Alternatively, you can visit our Say Thanks! page.

 

MATERIAL:

  • 2 x 160W 12 volts panels (Buy from Amazon)
  • 3M VHB double-sided tape 1″ width  (Buy from Amazon)
  • 2 x Renogy Z mounting brackets (Buy from Amazon)
  • MC-4 Multibranch Connector pair (Buy from Amazon) (This is to wire the panels in parallel if using a PWM charge controller. If using an MPPT charge controller, do not buy this)
  • Right angle cable gland 3/8″ (Buy from Amazon)
  • 15′ Extension Cable Pair with MC-4 Connectors 8AWG (Buy from Amazon)
  • Dicor 551 LSG-1 Lap Sealant (Buy from Amazon)
  • Isopropyl alcohol
  • Primer, Paint & Clearcoat

Solar Panels installation, material

 

TOOLS:

  • Drill
  • Caulking gun
  • File and sandpaper

 

HOW WE INSTALLED OUR SOLAR PANELS*

*Disclaimer: we’re good, but not that much. Use these instructions at your own risks 😛

 

1- Test the setup before the installation

Right when we finished installing everything, we realized that we did not test any of the components! If any item was defective (panel, connector, wire), we would have to disassemble everything… Fortunately, things always work for the best so we did not have to undo our work!

To test, we could have just connect the panels to the MC4 parallel connector, then connect to the extension cable, and finally check the voltage at the end of the extension cables. We did that at the very end of our installation.

 

2- Pre-install brackets on the solar panels (4 brackets for each panel)

It’s easier to do this on the ground…

Solar Panel Installation, fastener stackup

 

3- Relocate the brackets in the inside edge

This is to minimize the gap between the panels, so they are installed toward the middle of the roof and are less visible from the ground. A minimum gap should be left to account for thermal expansion and for installation access.

Solar Panel Installation, relocating bracket

 

4- Install 3M VHB tape on brackets

We selected 3M VHB tape to minimize drilling through the roof. AM Solar have been doing it for a long time and reported to never have lost a panel. Where a screw will grip through the sheet metal, the tape rely solely on the paint to hold; therefore, we don’t recommend to use tape on rusted, damaged or used paint. In other words, we trust the tape method because the van is NEW. Also, we check our panels installation regularly.

 

Per manufacturer recommendation, the minimum application temperature for 4991 tape is 60F.

Solar Panel Installation, apply 3M VHB to brackets

 

5- Cut the 30′ extension cable in half and pass it through the glands. Leave about 12 inches between connectors and gland.

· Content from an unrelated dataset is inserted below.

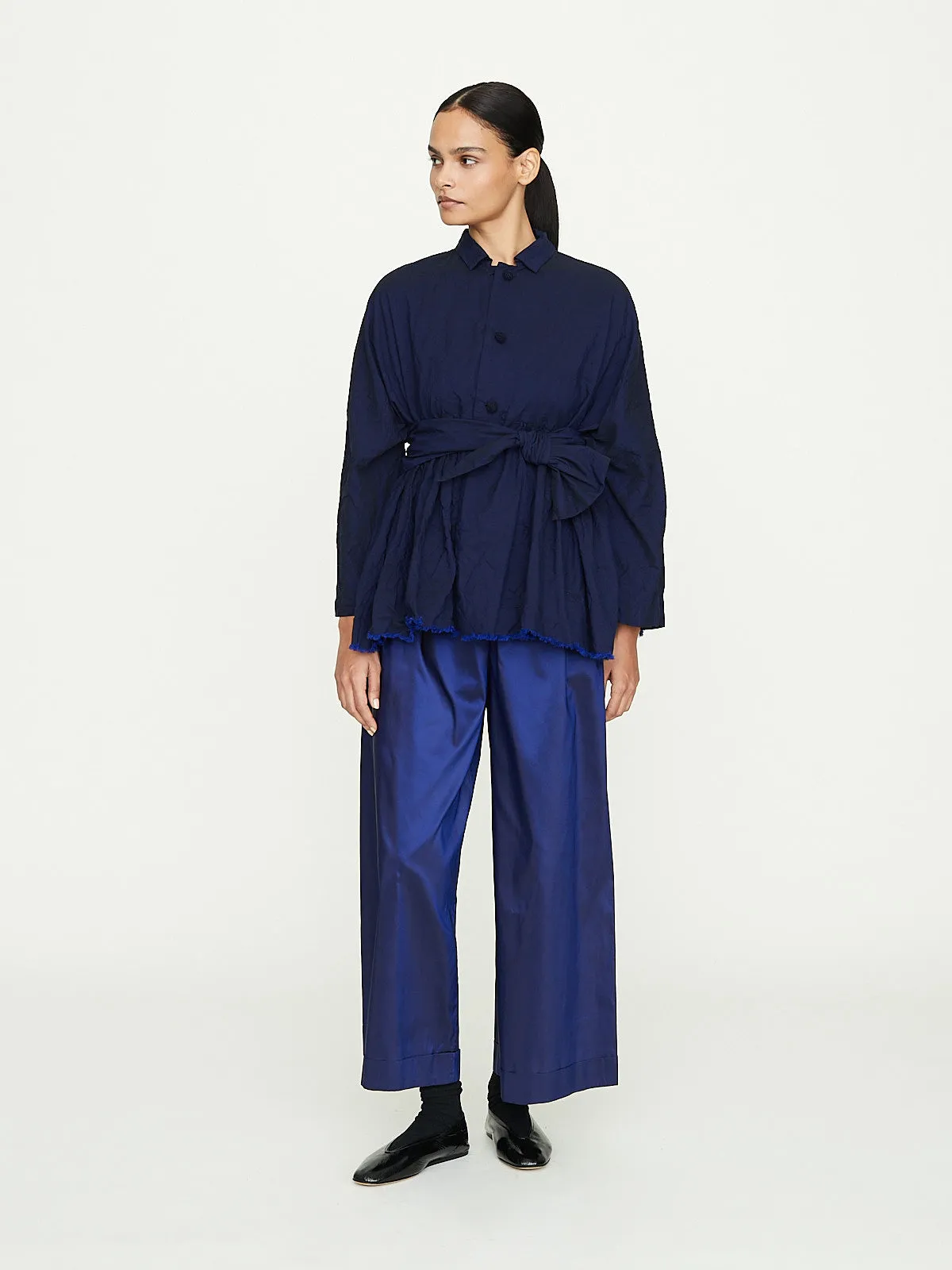 Giacca Jacket in Campanella Lavata in Electric Blue/Black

It required a lot of force to pass the cable through the gland thanks to the right angle. It’s better to do this on the ground.

 

6- Pre-fit solar panels on the roof to define location of cable glands

This extension cable is not very flexible. We found it easier to work with if we install the glands at approximately 12 inches from the panels.

Mark the location of the solar panel to avoid having the measure again afterward.

 

7- Remove solar panels and drill holes for the glands

We pre-drilled and then use a hole saw.

Solar Panel Installation, drill roof

Solar Panel Installation, saw roof

 

8- Break the sharp edges with a file and smooth the surfaces with a fine sandpaper

To prepare the surface for touch-up.

Solar Panel Installation, file and sand

 

 

9- Apply Primer, Paint & Clearcoat on drilled holes

This is an important step to prevent corrosion in the future.

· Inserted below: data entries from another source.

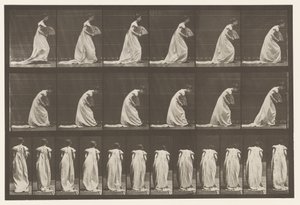 Plate 199. Courtseying, vifte i høyre hånd, 1885 av Eadweard Muybridge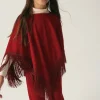 Poncho de niña con flecos granate-MINI Hot
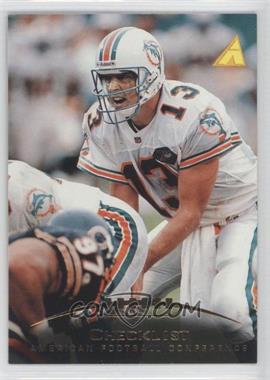 1995 Pinnacle - [Base] #244 - Checklist - Dan Marino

TIP: You can have your exact van color prepared for you in almost any auto-parts store. Just give them your color-code (printed on the driver’s door frame), year of production and make.

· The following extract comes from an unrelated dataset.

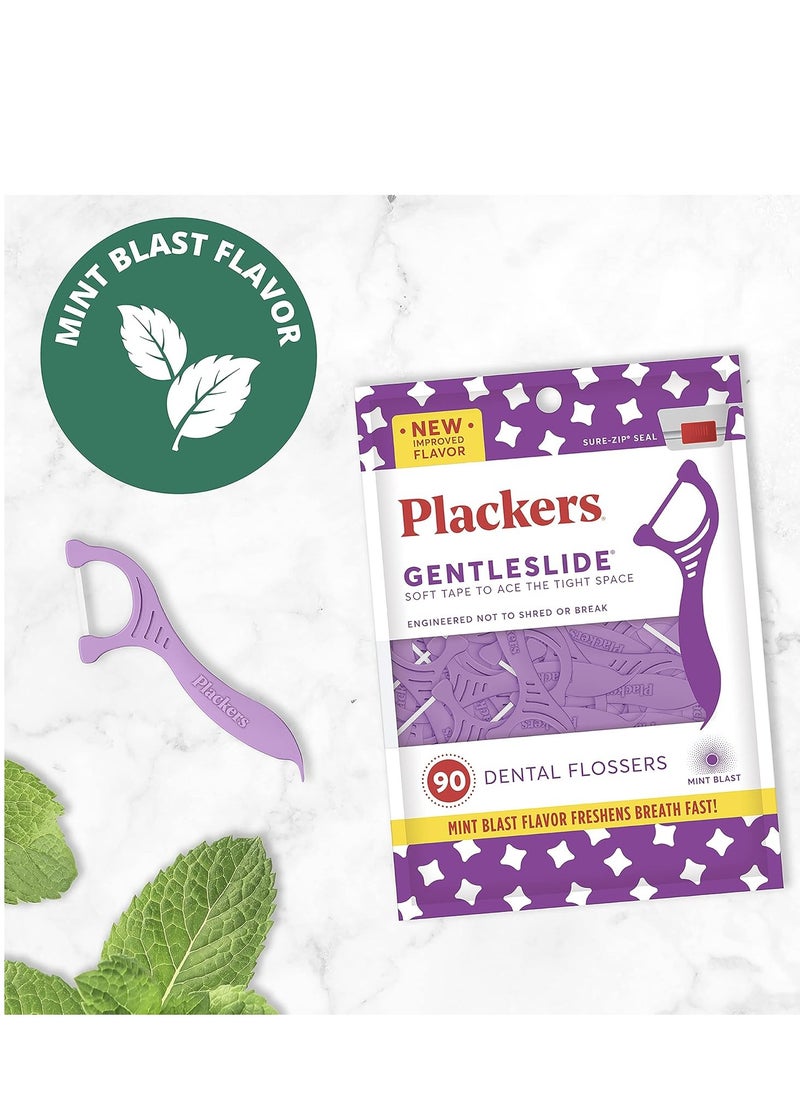 Plackers 3 in 1 Dental Floss Picks 90 Pcs Mint flavored flosser with tongue cleaner and toothpick for fresh breath and healthy gums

Solar Panel Installation, edge touch up

 

10- Think and prepare cable routing on solar panels

This is to prevent cable chafing on the roof and damaging the paint. We also installed a protective tape on the roof afterward just in case.

Now that we look at the picture below, we’re not sure it will pass the test of time. You might come up with a better idea!

Solar Panel Installation, cable routing

 

11- Fit solar panels on the roof and connect all the cables

See previous picture.

 

12- Pass wire through the roof without securing the glands yet

Solar Panel Installation, cable interior routing

 

 

13- Clean roof with isopropyl alcohol, peel off 3M VHB tape and press firmly to adhere

No picture here. We had to act fast and it turned out more complicated than anticipated: you get no access to the center of the roof, the cables must be neatly fitted and you get one chance only to stick the 3M tape at the right place…

 

14- Fasten the glands to the roof

 

15- Seal all the brackets and the glands with Dicor Lap Sealant

The bracket are sealed to prevent water contamination with the tape; it should help in the long run. We could not seal the inner edge of each bracket because we had no access.

Solar Panels Installation, sealing the brackets

 

 

16- Final Test

We don’t have the charge controller installed yet, but we can ensure there is voltage coming from the panels.

It works!

Solar Panel InstallationSolar Panel Installation, testing the voltage, testing the voltage

 

17- Have a pint of fresh Double I.P.A

We deserved it!

Solar Panel Installation, double IPA

 

18- Have a Poutine

We know what you are thinking; but we also know that you would love it if you try. This is Quebec fine cuisine. 

Solar Panel Installation, Poutine

 

ON SECOND THOUGHT…

We chose a PWM charge controller because it is cheaper; we were then “forced” to use 12V solar panel (because the excess voltage with PWM is lost, while a MPPT will reduce and use the excess voltage), hence our choice of 2x 160W 12V solar panels.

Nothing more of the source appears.